**WORK TO COMPLETE:**
Retype each entry below exactly. Do not carry any image over.

──────────

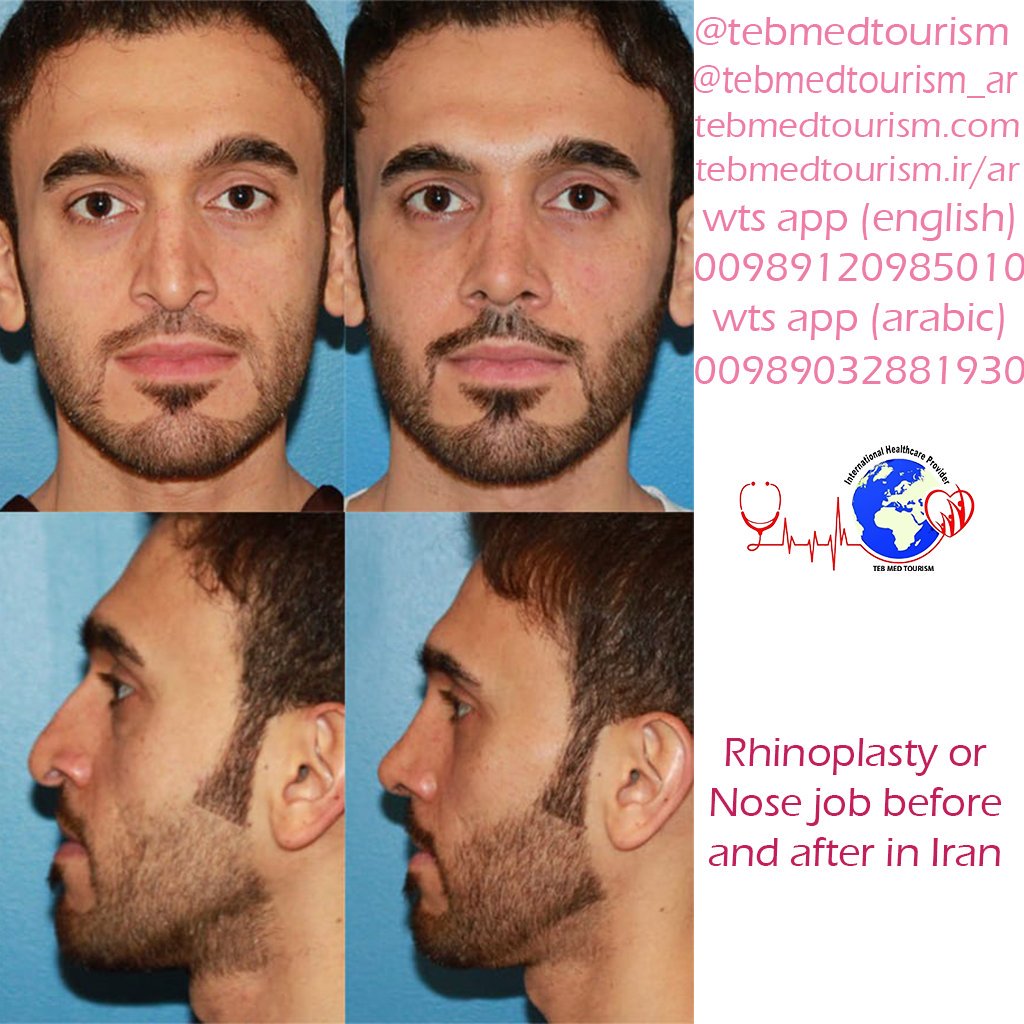 TebMedTourism's tweet photo. Examples of Rhinoplasty in Iran😍
#rhinoplasty #rhinoplasty_in_iran #rhinoplasty_cost_in_iran #rhinoplasty_or_nose_job #nose_job #nose_job_in_iran #nose_job_cost #nose_job_risks #rhinoplasty_risks #Iran_medical_tours #medical_tourism #medical_tourism_in_iran #travel_to_iran https://t.co/d5QY6G0cWA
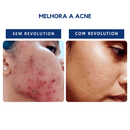 Rvo Revolution Alobela - 30 Aplicações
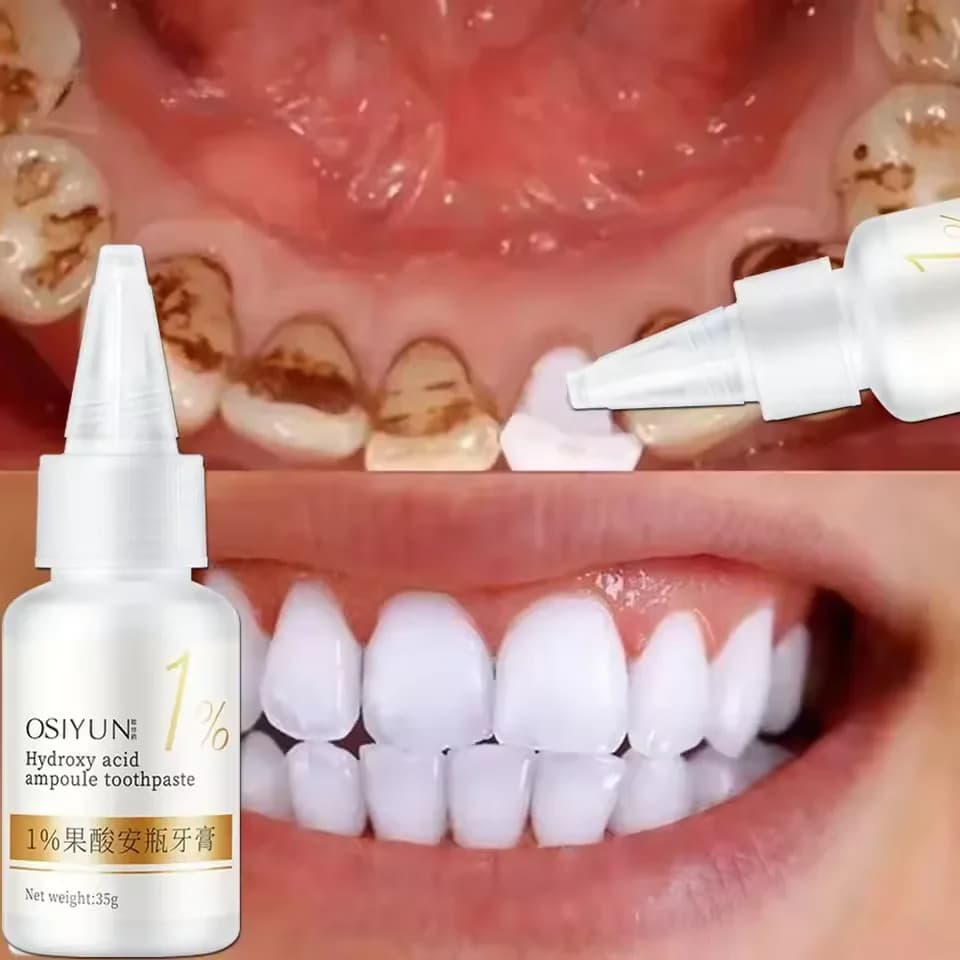 Teeth whitening Dentifricio Fruit acid Remove Calculation Plate Macchie Fresh Food Cleaning Oral Hygiene Dental whitening Care tools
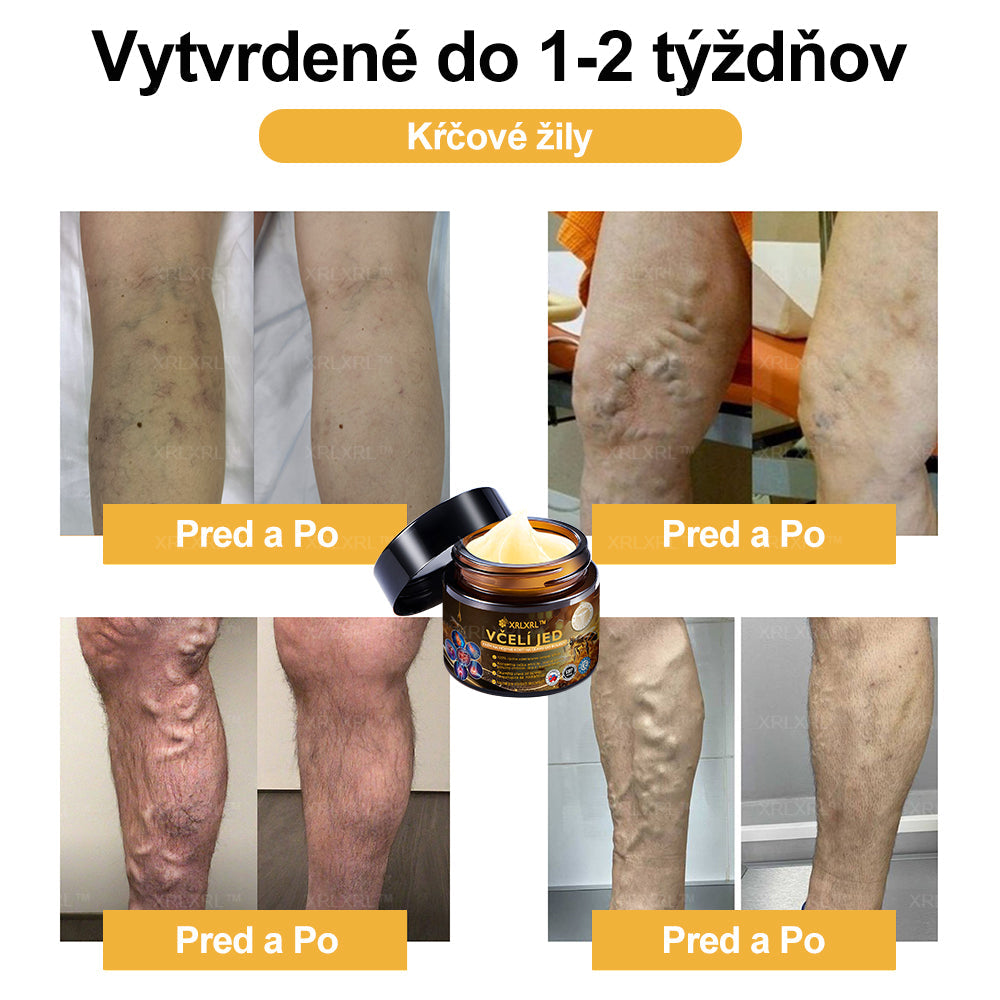 XRLXRL™ Krém na úľavu od bolesti a hojenie kostí s včelím jedom ✨🌸(Špeciálne pre starších dospelých a odporúčaný 🧑⚕️AAOS)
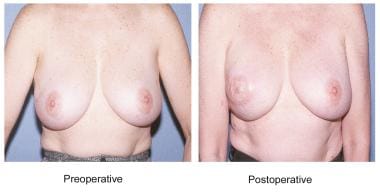Latissimus dorsi breast reconstruction. 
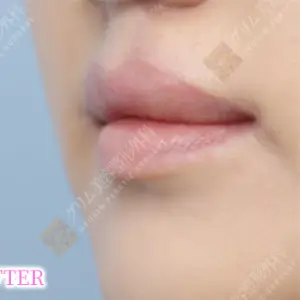 口唇口蓋裂手術 AFTER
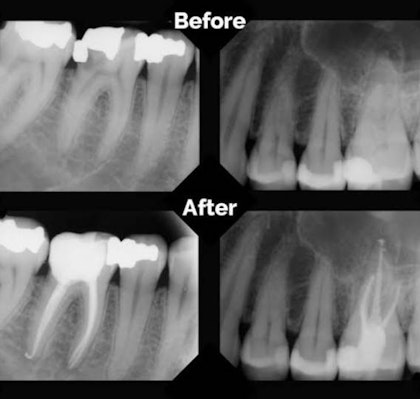 Root Canal X-Ray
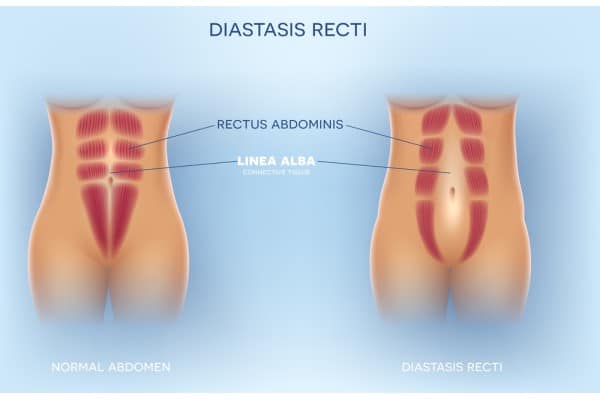 What Non-Surgical Options Are Available for Diastasis Recti Kensington and Chelsea?
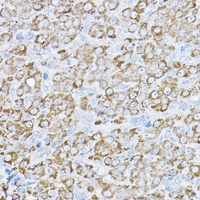 UBE2F Rabbit Polyclonal Antibody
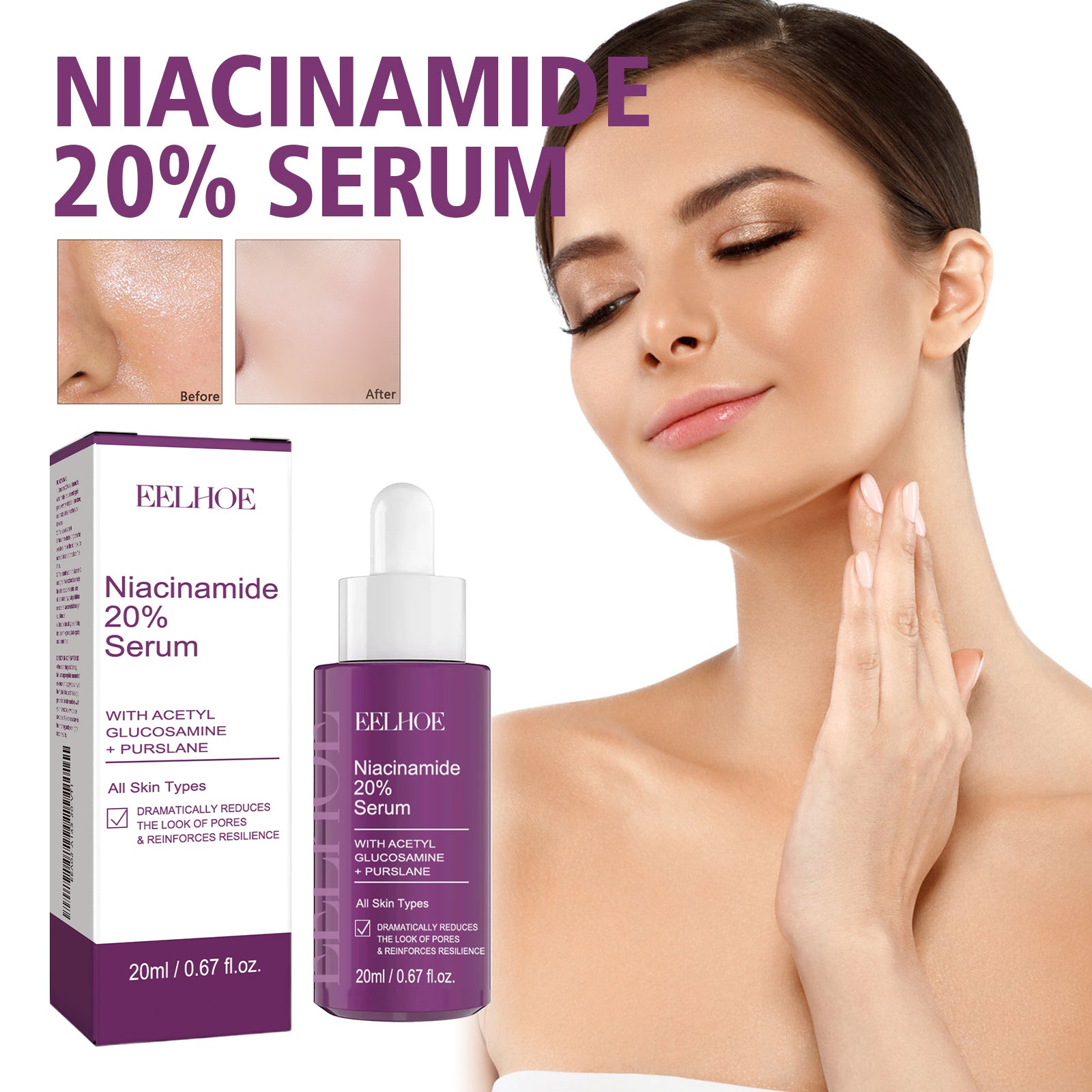 EELHOE Niacinamide Serum 20ml – Porenverfeinernde, aufhellende & faltenmindernde Hautpflege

──────────

**TASK OUTPUT:**
 TebMedTourism's tweet photo. Examples of Rhinoplasty in Iran😍
#rhinoplasty #rhinoplasty_in_iran #rhinoplasty_cost_in_iran #rhinoplasty_or_nose_job #nose_job #nose_job_in_iran #nose_job_cost #nose_job_risks #rhinoplasty_risks #Iran_medical_tours #medical_tourism #medical_tourism_in_iran #travel_to_iran https://t.co/d5QY6G0cWA
 Rvo Revolution Alobela - 30 Aplicações
 Teeth whitening Dentifricio Fruit acid Remove Calculation Plate Macchie Fresh Food Cleaning Oral Hygiene Dental whitening Care tools
 XRLXRL™ Krém na úľavu od bolesti a hojenie kostí s včelím jedom ✨🌸(Špeciálne pre starších dospelých a odporúčaný 🧑⚕️AAOS)
Latissimus dorsi breast reconstruction. 
 口唇口蓋裂手術 AFTER
 Root Canal X-Ray
 What Non-Surgical Options Are Available for Diastasis Recti Kensington and Chelsea?
 UBE2F Rabbit Polyclonal Antibody
 EELHOE Niacinamide Serum 20ml – Porenverfeinernde, aufhellende & faltenmindernde Hautpflege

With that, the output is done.